Transportation and Parking is currently faced with several key issues, including the impact of major construction projects on parking, traffic flow, safety and cost of bus operations; an increased cost of garage construction since the plan was adopted; and the financial stress created by greater-than-planned expansion of bus and shuttle service, Blouch said.

As parking lots have been lost to construction, additional bus service required to navigate campus and make remote parking acceptable to customers has been implemented.

"The expanded routes on and around campus are popular with students, staff and faculty. University customers depend on the six-minute bus service to and from remote parking locations to meet academic and work schedules," Blouch said.

However, meeting customer needs is becoming costly. As Transportation and Parking continues to balance customer needs and available resources, various options will be presented this autumn for campus-wide discussion and consideration.

Additional updates will be presented to trustees this autumn on issues and goals for FY 2003-04 and beyond.

 

Board approves personnel actions

The following appointments were approved by the board.

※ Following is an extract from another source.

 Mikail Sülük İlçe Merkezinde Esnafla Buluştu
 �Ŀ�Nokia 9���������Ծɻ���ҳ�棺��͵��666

  • Gary Bos has been named professor and holder of the Frank J. Kloenne Chair in Orthopaedic Surgery in the Department of Orthopaedics, College of Medicine and Public Health, effective Sept. 1 through June 30, 2006. Bos is currently a professor of orthopaedic surgery at the University of North Carolina, Chapel Hill.
  • William L. McDonald has been named interim academic dean at Ohio State Newark, effective July 1 through June 30, 2003. McDonald is currently assistant academic dean and associate professor in the Department of Sociology at Newark.
  • Giorgio Rizzoni has been named professor and holder of The Ford Motor Company Chair in Electromechanical Systems in the College of Engineering, effective July 1 through June 30, 2007. Rizzoni is currently professor of mechanical engineering.
  • Daniel D. Sedmak has been named senior associate vice president and executive vice dean of the College of Medicine and Public Health, effective July 1.
  • Kamilla K. Sigafoos has been promoted to associate vice president for health services. She has been serving as chief operating officer of University Hospitals.
  • Randall B. Ripley's term as dean of the College of Social and Behavioral Sciences has been extended, effective July 1, 2003, through June 30, 2004.

Quarterly report

Senior Vice President for Business and Finance William J. Shkurti presented a third-quarter budget report indicating that higher-than-expected spring quarter enrollment produced $1.3 million in revenues after the accompanying increased student financial aid was taken into consideration. Such unanticipated General Funds revenues will be used to offset the $28 million reduction in state support resulting from the 6 percent cut this fiscal year, Shkurti said. Over the course of the academic year's four quarters, enrollment was 2.1 percent higher than projected for the fiscal year.

Sponsored research programs at the University have produced higher indirect cost recoveries than projected, as well, Shkurti said. These revenues are committed to investment in the research infrastructure and, under an upcoming new budget structure, to possible distribution to colleges generating the research funding.